The court granted transfer to Ronald Mayes v. Second Injury Fund, No. 93A02-0702-EX-162, in which Mayes appealed the Indiana Worker's Compensation Board's denial of his petition for compensation from the Second Injury Fund. Mayes argued his settlement with a third-party tortfeasor shouldn't bar his recovery as a matter of law. At issue in the appeal is Indiana Code Section 22-3-2-13, which prevents double recovery. The Court of Appeals affirmed the board's decision, finding Mayes failed to carry his burden to prove he was entitled to compensation from the fund, and even if he was, he failed to prove further compensation would not result in double recovery.

In Willie Eaton v. State, No. 89A04-0611-CR-641, the Court of Appeals reversed Eaton's convictions of dealing cocaine and possession of marijuana following a jury trial because the evidence obtained during a second warrant was gained by the state because of the unlawful search of Eaton's residence under the first warrant. The state's request for the first warrant did not set forth facts that constitute probable cause to search Eaton's home.

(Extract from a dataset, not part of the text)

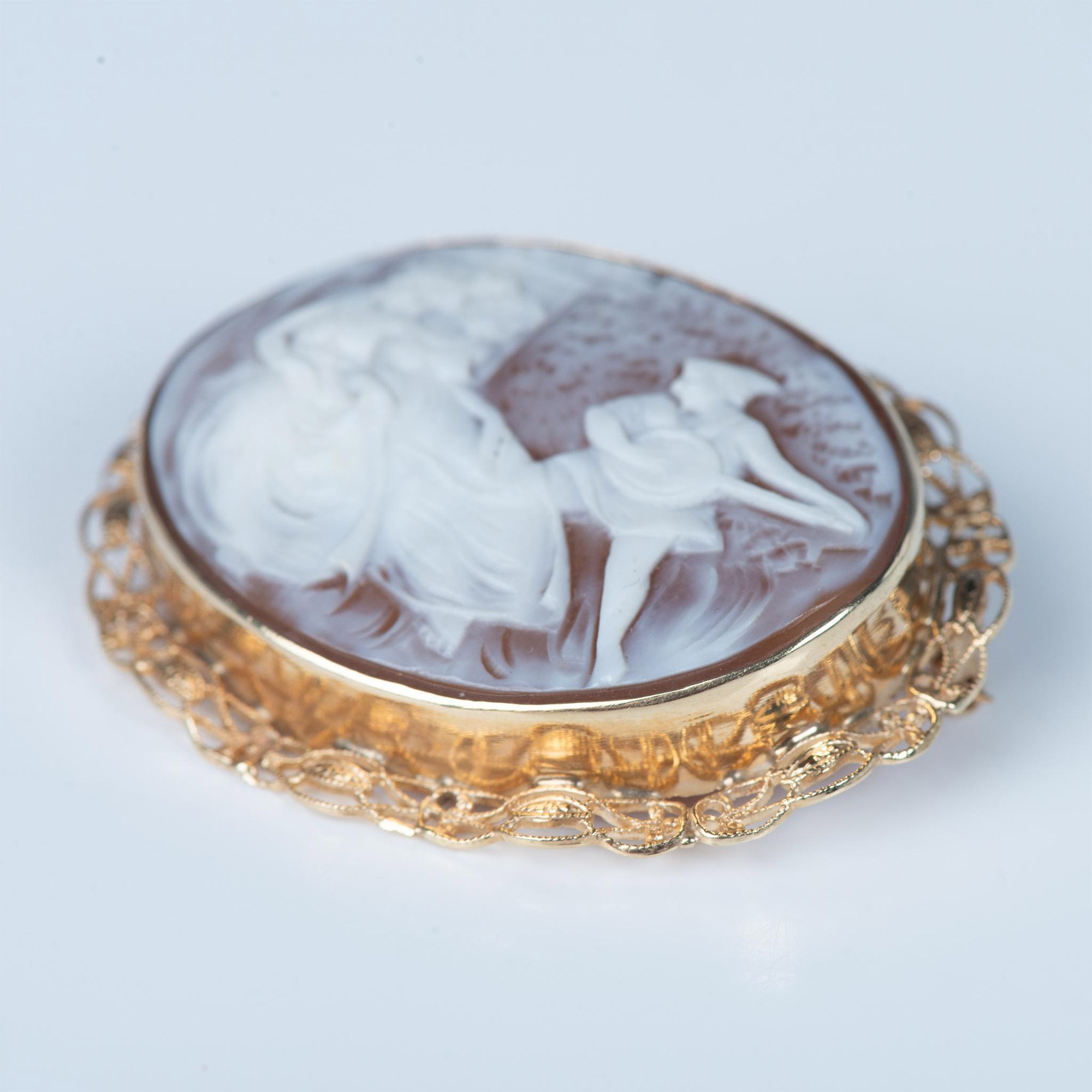 Cameo Pendant/Brooch - Image 3 of 5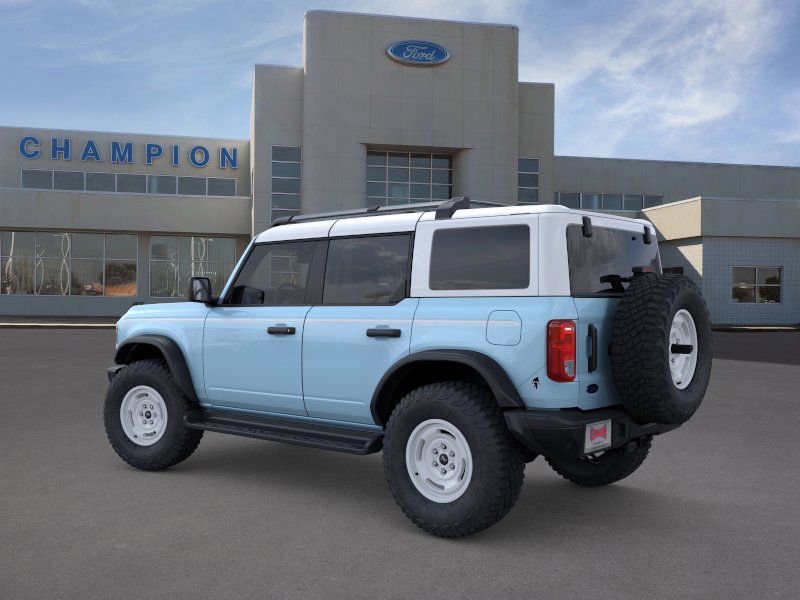 New 2025 Ford Bronco Heritage Edition image 4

Finally, the court granted transfer by opinion in State Farm Mutual Automobile Insurance Company v. D.L.B., No. 89S05-0802-CV-102, and two other cases to decide the issue of emotional distress claims. The Supreme Court found D.L.B., a minor child, could not make a claim of emotional distress through State Farm because he was not directly involved in the accident he witnessed that killed his cousin. For more information on this case, read the Feb. 29 story from Indiana Lawyer Daily.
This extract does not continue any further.